Captioned web image data

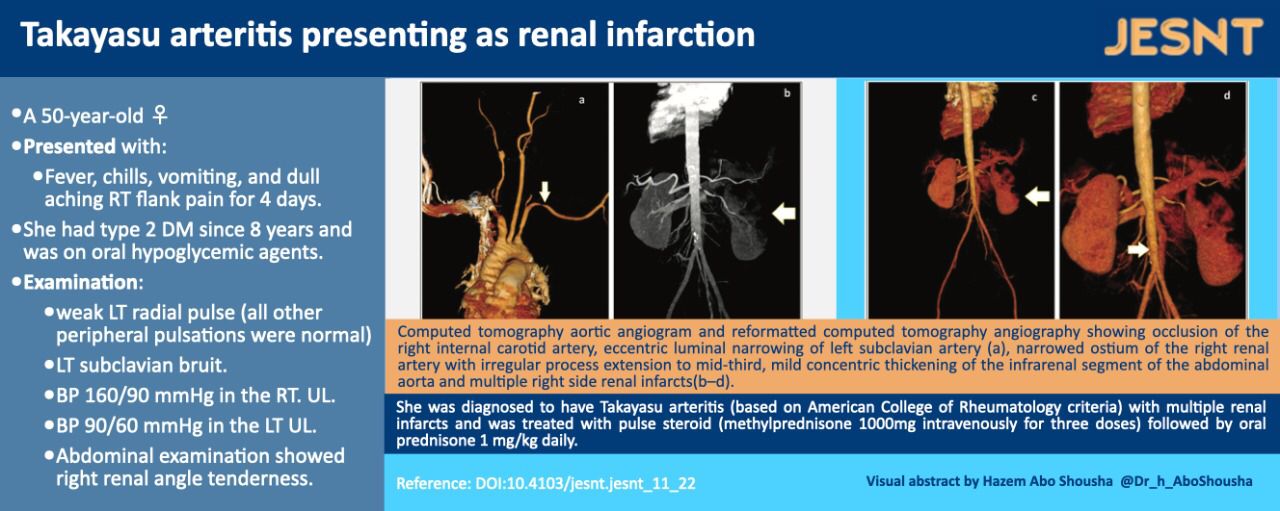 Takayasu arteritis presenting as renal infarction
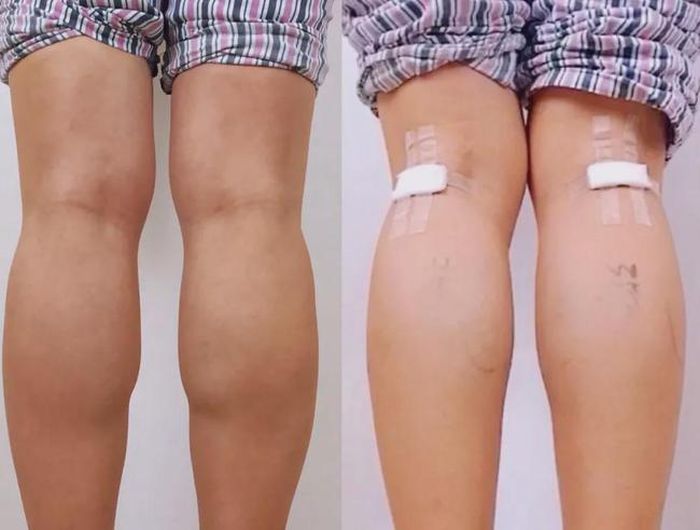 Nhiều người mù quáng tin vào phẫu thuật cắt dây thần kinh để có bắp chân gầy hơn.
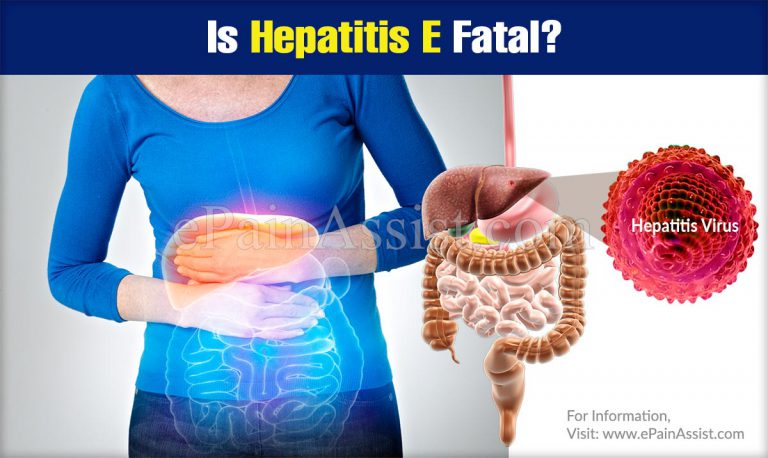 Is Hepatitis E Fatal?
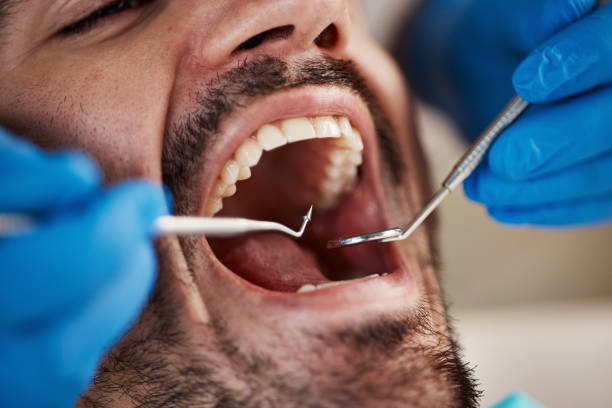 Best Knocked-Out Tooth Emergency  in Huron, OH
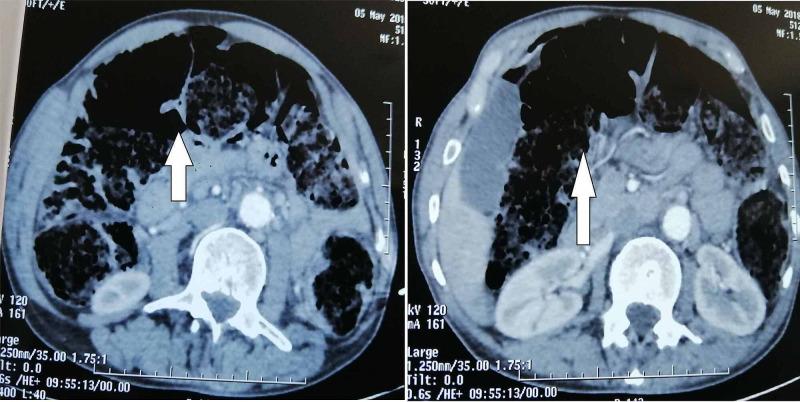 https://cdn.ncbi.nlm.nih.gov/pmc/blobs/9518/7834544/0195cbae1467/cureus-0012-00000012272-i02.jpg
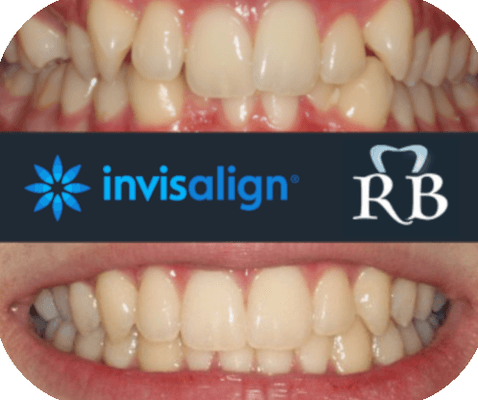 Invisalign @ Ramon Bana DDS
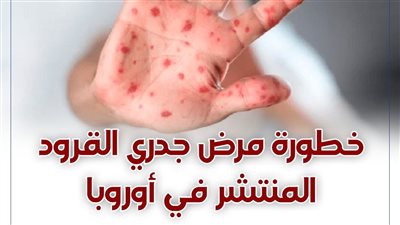 خطورة مرض جدري القرود ومدى انتشاره 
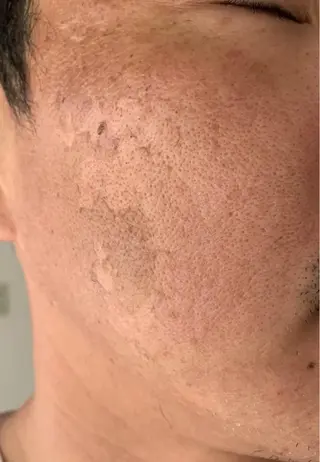 グランデ ルシアルのエステ・リラクイメージ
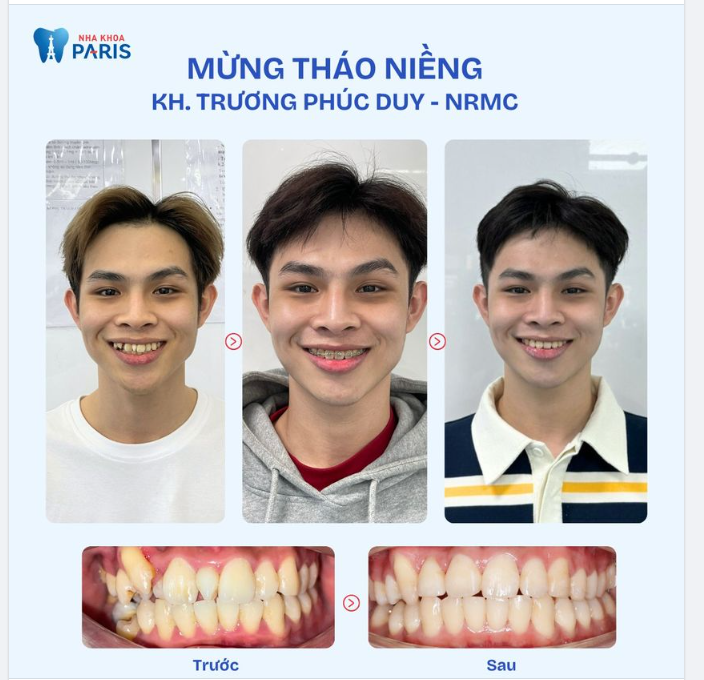 THAY ĐỔI DIỆN MẠO VỚI NỤ CƯỜI MỚI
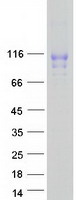 VASN / Vasorin Protein - Purified recombinant protein VASN was analyzed by SDS-PAGE gel and Coomassie Blue Staining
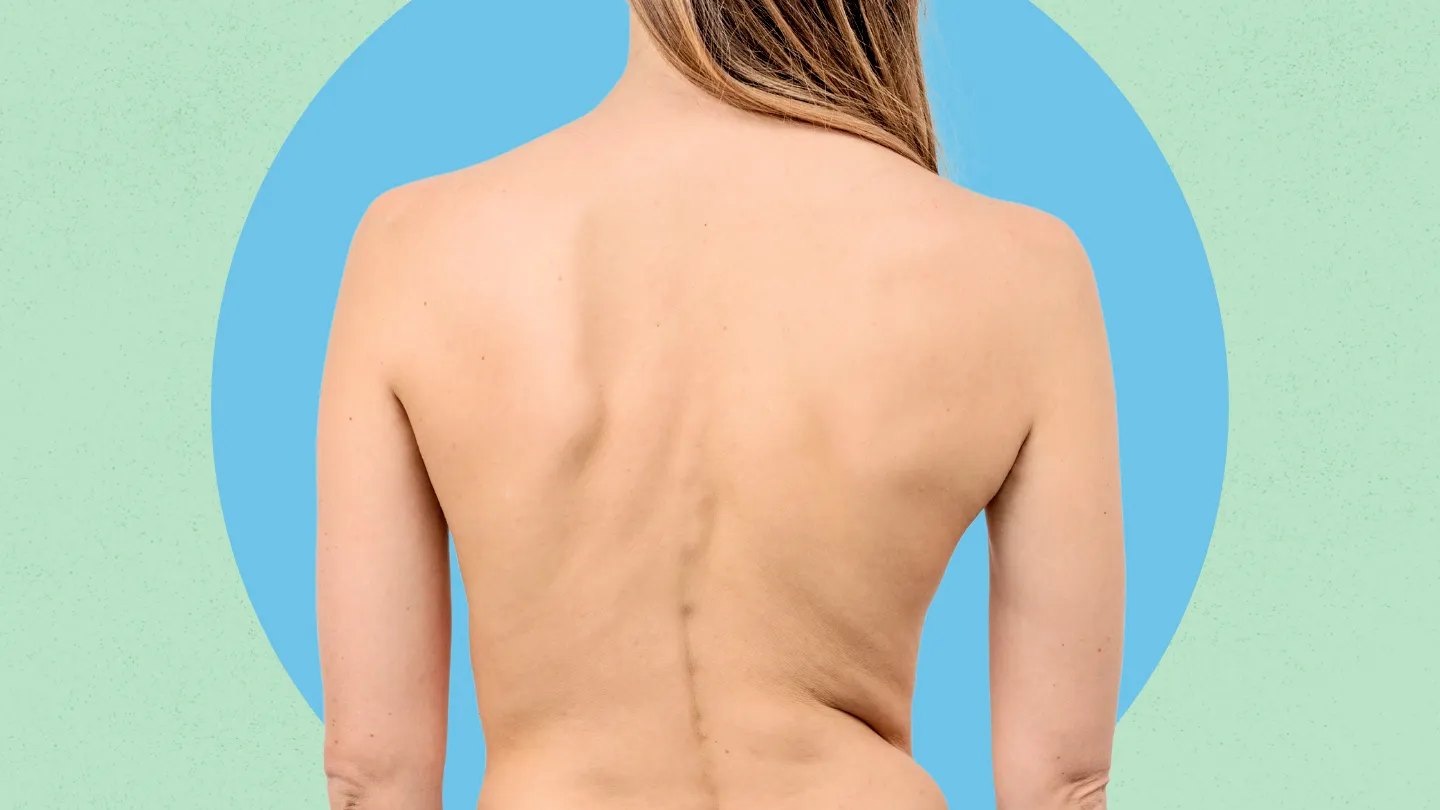 woman rear view showing curved spine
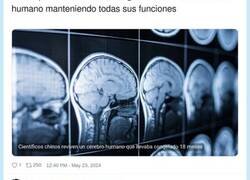 Enlace a Las mejores respuestas a la noticia de que reviven un cerebro humano congelado manteniendo todas sus funciones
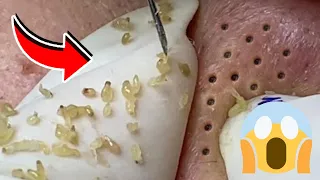 extra o de cravos satisfat ria limpeza de pele comentada por esteticista 356423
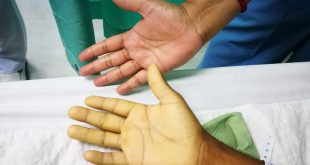 Anaemia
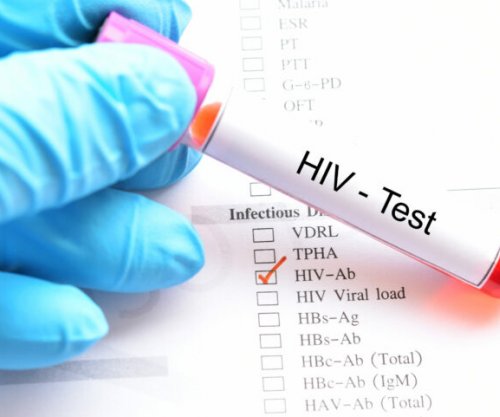 10 raste të reja me HIV në muajt e fundit, rritet testimi vullnetar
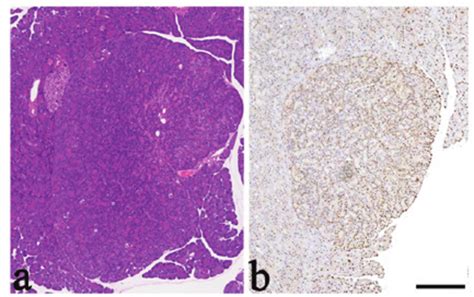 Acinar Cell Hyperplasia Ach In Rats Treated With 50 Mg Kg N ‐methyl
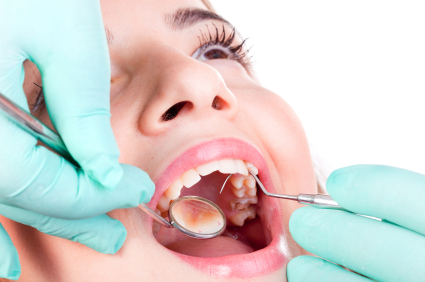 How Composite Fillings in Highland, MI Reinvent Your Smile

EXERCISE:
Please print exactly the lines from the line containing "Invisalign @ Ramon Bana DDS" through the end of the records above, both included, leaving out every picture.

EXERCISE ANSWER:
 Invisalign @ Ramon Bana DDS
 خطورة مرض جدري القرود ومدى انتشاره 
 グランデ ルシアルのエステ・リラクイメージ
 THAY ĐỔI DIỆN MẠO VỚI NỤ CƯỜI MỚI
 VASN / Vasorin Protein - Purified recombinant protein VASN was analyzed by SDS-PAGE gel and Coomassie Blue Staining
 woman rear view showing curved spine
 Enlace a Las mejores respuestas a la noticia de que reviven un cerebro humano congelado manteniendo todas sus funciones
 extra o de cravos satisfat ria limpeza de pele comentada por esteticista 356423
 Anaemia
 10 raste të reja me HIV në muajt e fundit, rritet testimi vullnetar
 Acinar Cell Hyperplasia Ach In Rats Treated With 50 Mg Kg N ‐methyl
 How Composite Fillings in Highland, MI Reinvent Your Smile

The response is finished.